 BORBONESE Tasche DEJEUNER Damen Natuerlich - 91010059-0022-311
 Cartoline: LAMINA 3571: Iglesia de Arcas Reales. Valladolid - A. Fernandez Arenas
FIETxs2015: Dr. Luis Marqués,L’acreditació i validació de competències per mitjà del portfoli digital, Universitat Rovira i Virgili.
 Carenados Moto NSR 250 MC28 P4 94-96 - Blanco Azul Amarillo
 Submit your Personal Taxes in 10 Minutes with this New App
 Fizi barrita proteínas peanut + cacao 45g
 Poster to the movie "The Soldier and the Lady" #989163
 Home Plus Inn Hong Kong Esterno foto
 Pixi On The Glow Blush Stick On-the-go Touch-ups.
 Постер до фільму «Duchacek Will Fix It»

...

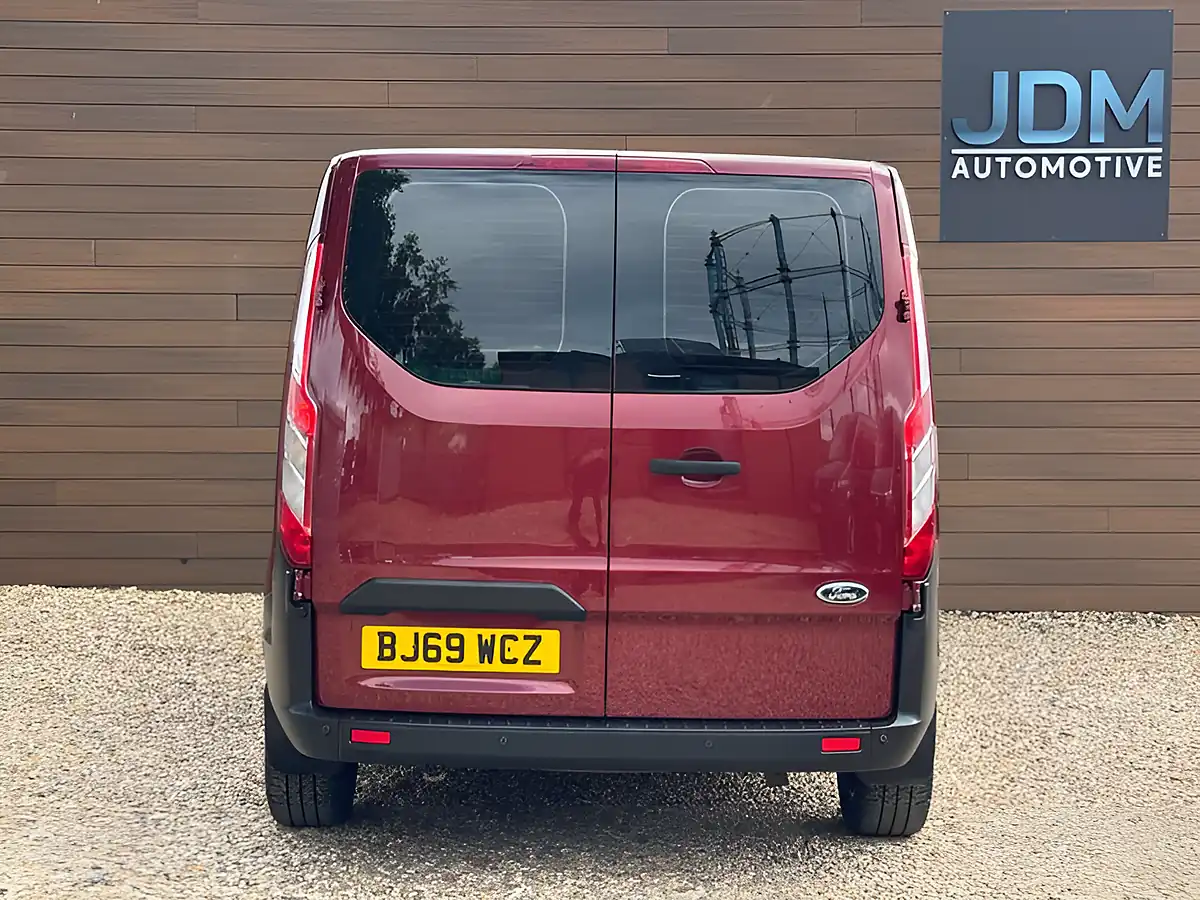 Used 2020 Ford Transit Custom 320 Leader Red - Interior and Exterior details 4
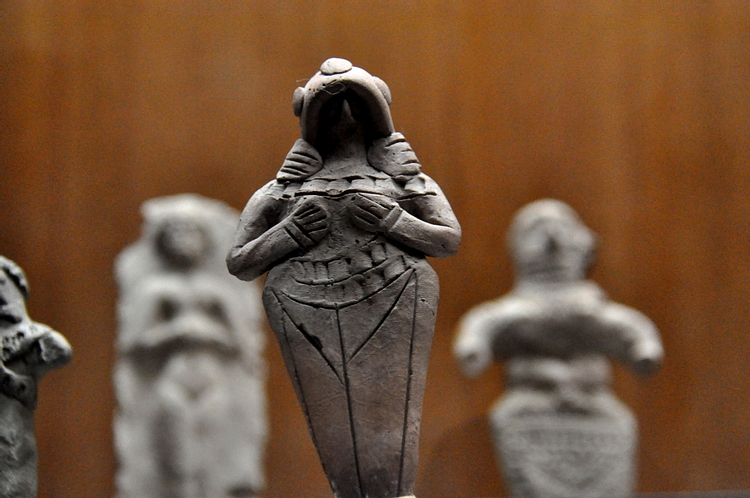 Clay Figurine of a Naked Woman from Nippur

**Task to complete:** Could you restate word for word the lines above, from the one that contains "Cartoline: LAMINA 3571: Iglesia" through the one that contains "Постер до фільму", and no others?

**Solution:**
 Cartoline: LAMINA 3571: Iglesia de Arcas Reales. Valladolid - A. Fernandez Arenas
FIETxs2015: Dr. Luis Marqués,L’acreditació i validació de competències per mitjà del portfoli digital, Universitat Rovira i Virgili.
 Carenados Moto NSR 250 MC28 P4 94-96 - Blanco Azul Amarillo
 Submit your Personal Taxes in 10 Minutes with this New App
 Fizi barrita proteínas peanut + cacao 45g
 Poster to the movie "The Soldier and the Lady" #989163
 Home Plus Inn Hong Kong Esterno foto
 Pixi On The Glow Blush Stick On-the-go Touch-ups.
 Постер до фільму «Duchacek Will Fix It»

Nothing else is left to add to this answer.